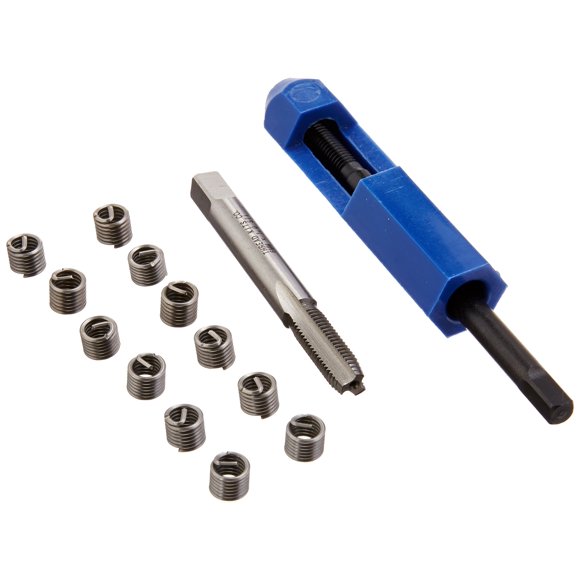Thread Kits (1221-306 Thread Repair Kit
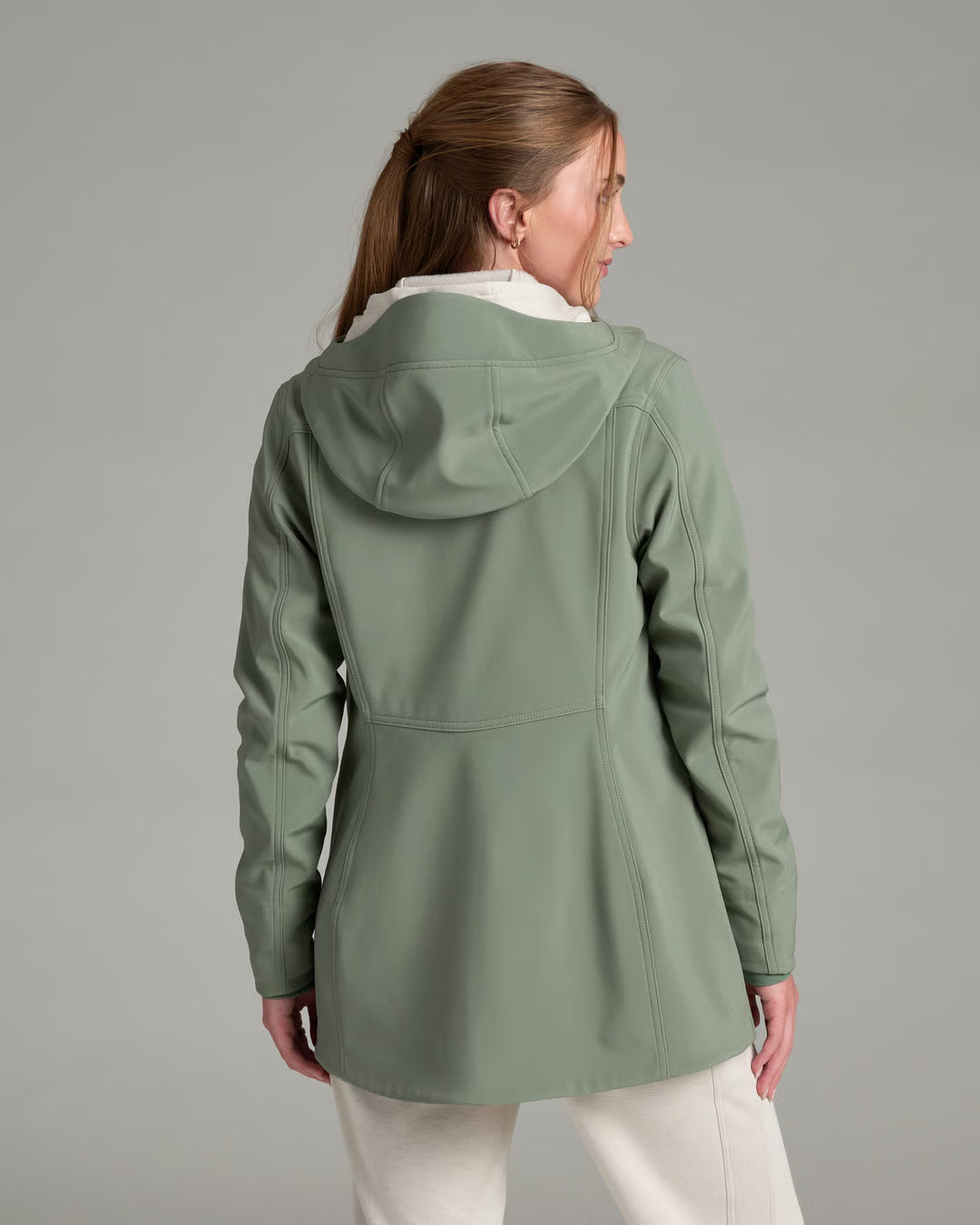 Frost™ Trench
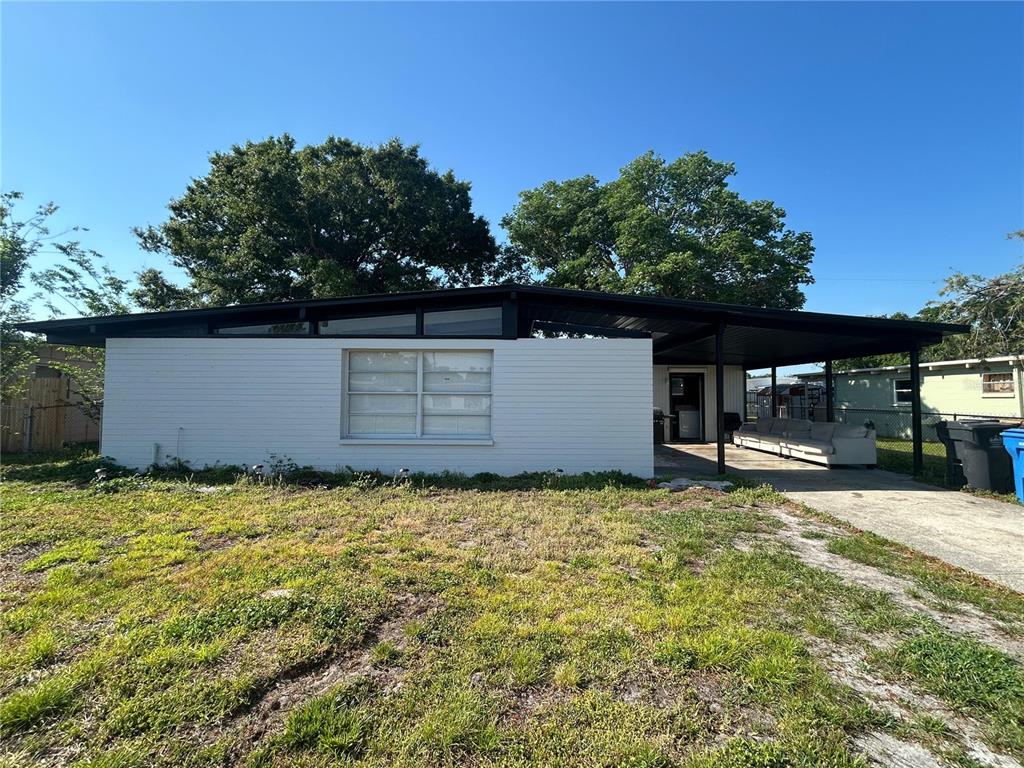 Property for sale at 7615 LAVENDER LANE, TAMPA, FL, 33619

** Work order **
Copy the listing in full and without alteration, omitting every picture.

** Task output **
Thread Kits (1221-306 Thread Repair Kit
 Frost™ Trench
 Property for sale at 7615 LAVENDER LANE, TAMPA, FL, 33619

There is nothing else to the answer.